### [What is required]
Each line from the one holding "Wizard Kobold —" to the last line below must be restated word for word, and no picture may be included.

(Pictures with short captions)
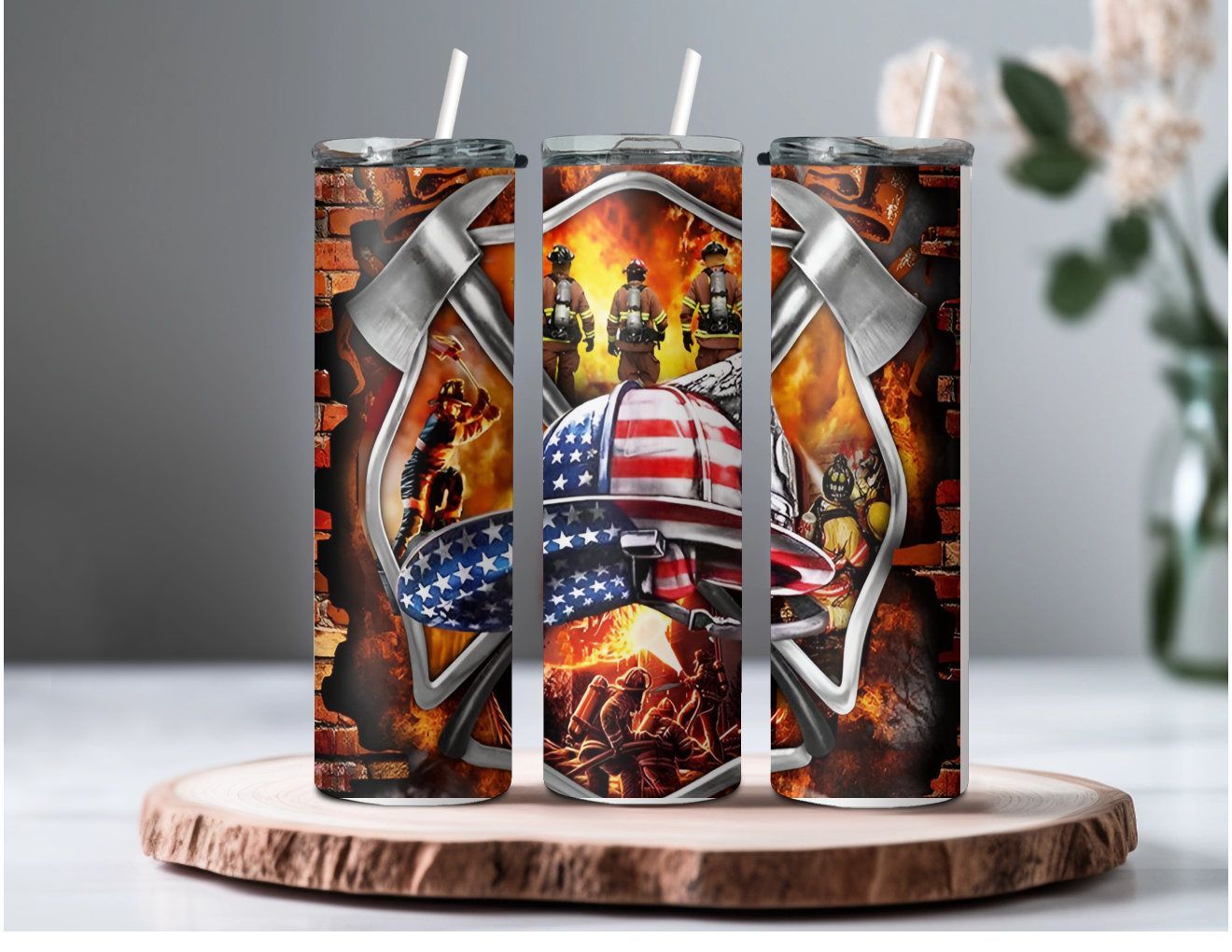 American Firefighter Tumbler - 20 oz Straight Tumbler - Comes w/ 2 Tops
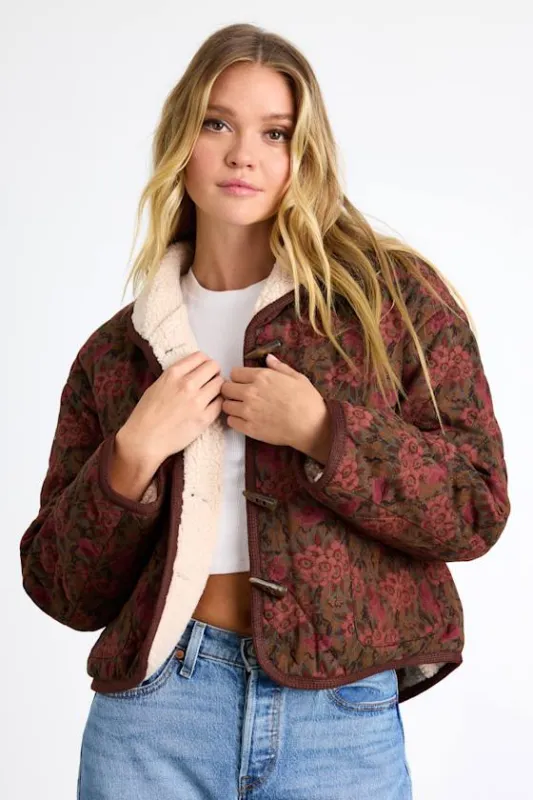 Loryn Brown and Burgundy Floral Shearling Toggle Jacket sold by Lulus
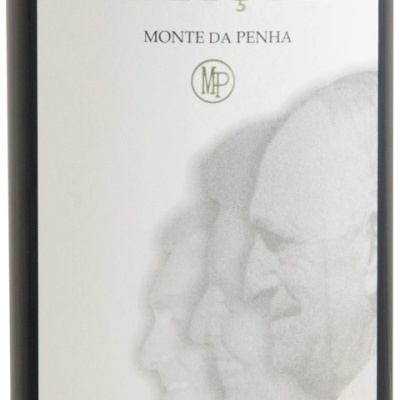 Rótulo de vinho tinto GERAÇÕES MONTE DA PENHA com imagem de três perfis humanos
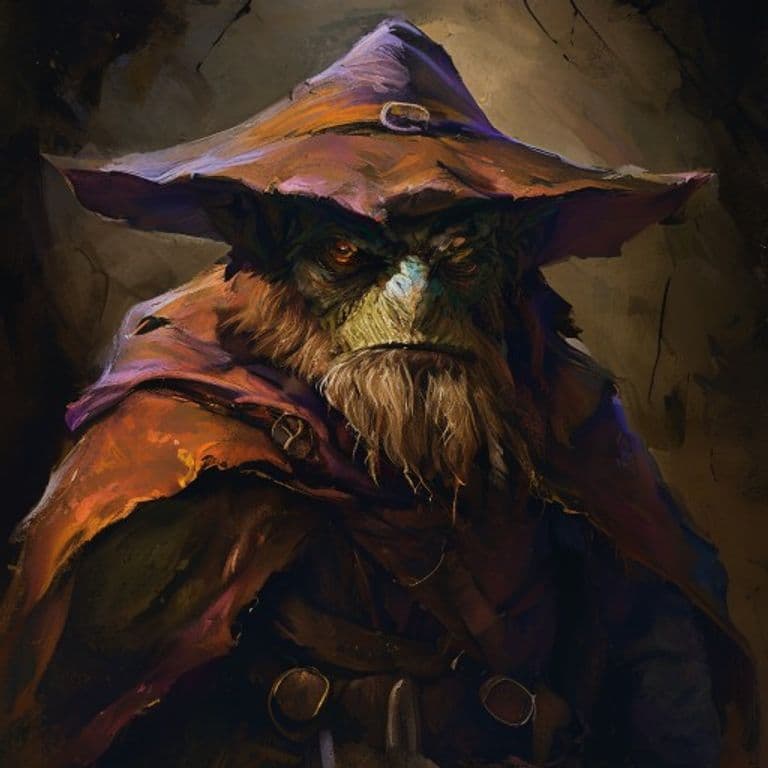 Wizard Kobold — fantasy monster illustration. Wizard Kobold is a small humanoid (Challenge Rating 5).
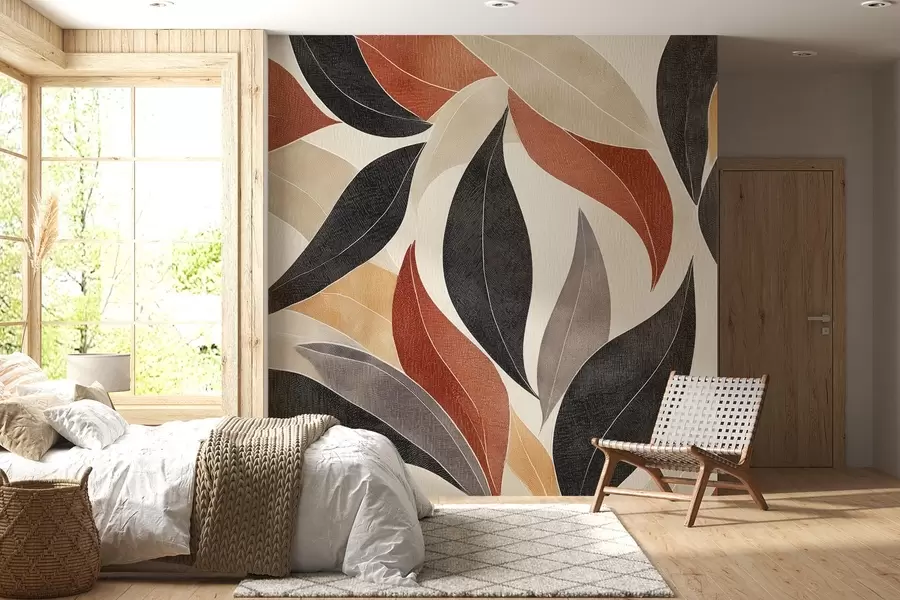 Valokuvatapetti abstrakteja lehtiä maanläheisissä sävyissä - beige, terrakotta ja tummanharmaa w02452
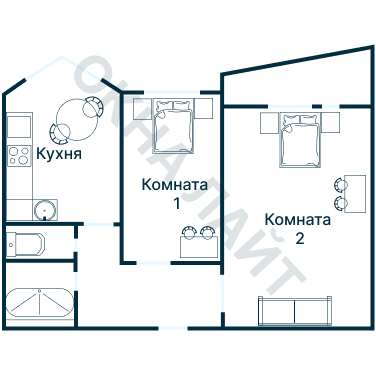 Остекление планировки 2161 дома И-155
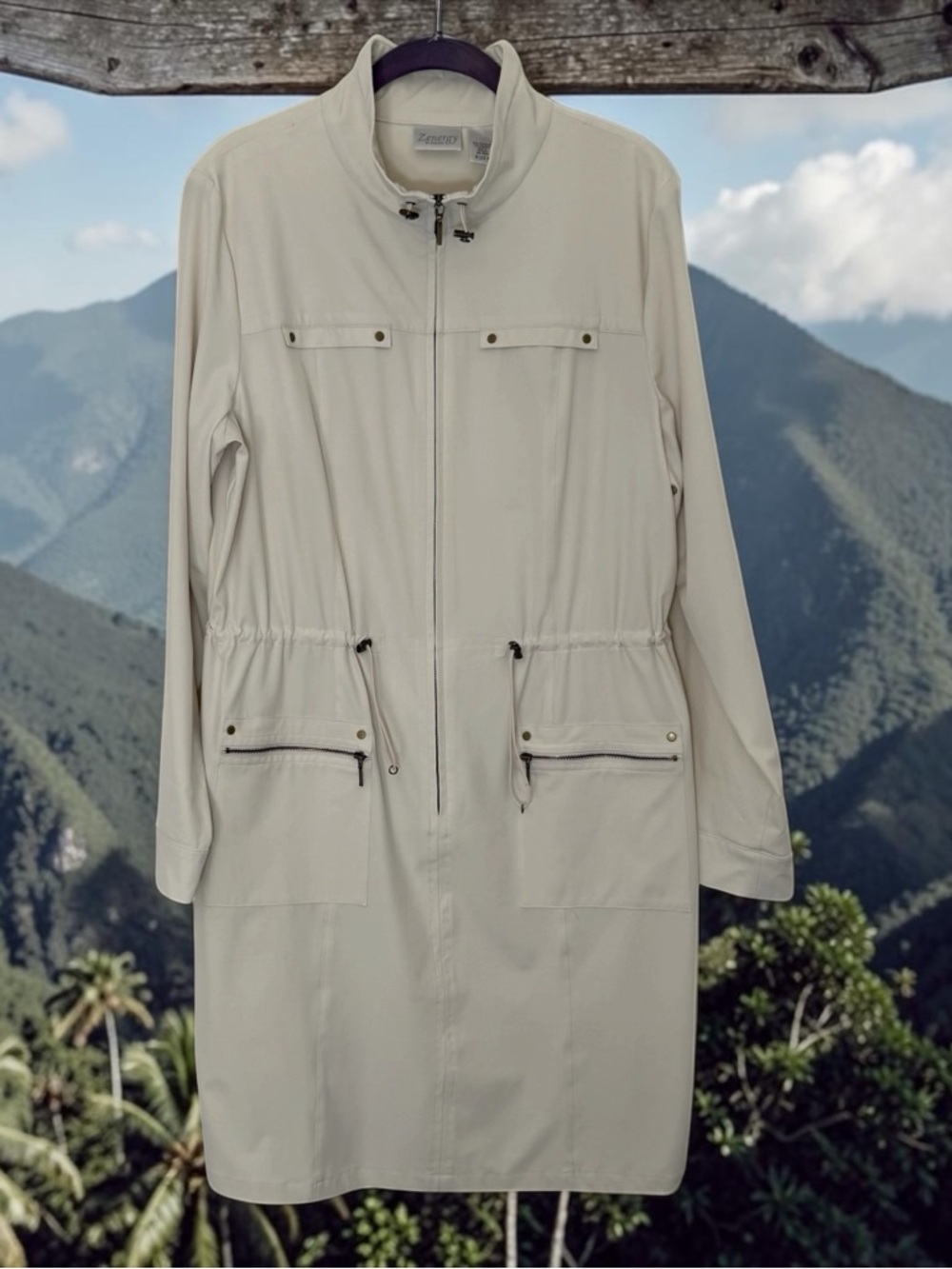 Zenergy By Chico’s Khaki Cinch Waist Knee Length Shirt Dress Sz 2 (L) Utility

### [Written response]
 Wizard Kobold — fantasy monster illustration. Wizard Kobold is a small humanoid (Challenge Rating 5).
 Valokuvatapetti abstrakteja lehtiä maanläheisissä sävyissä - beige, terrakotta ja tummanharmaa w02452
 Остекление планировки 2161 дома И-155
 Zenergy By Chico’s Khaki Cinch Waist Knee Length Shirt Dress Sz 2 (L) Utility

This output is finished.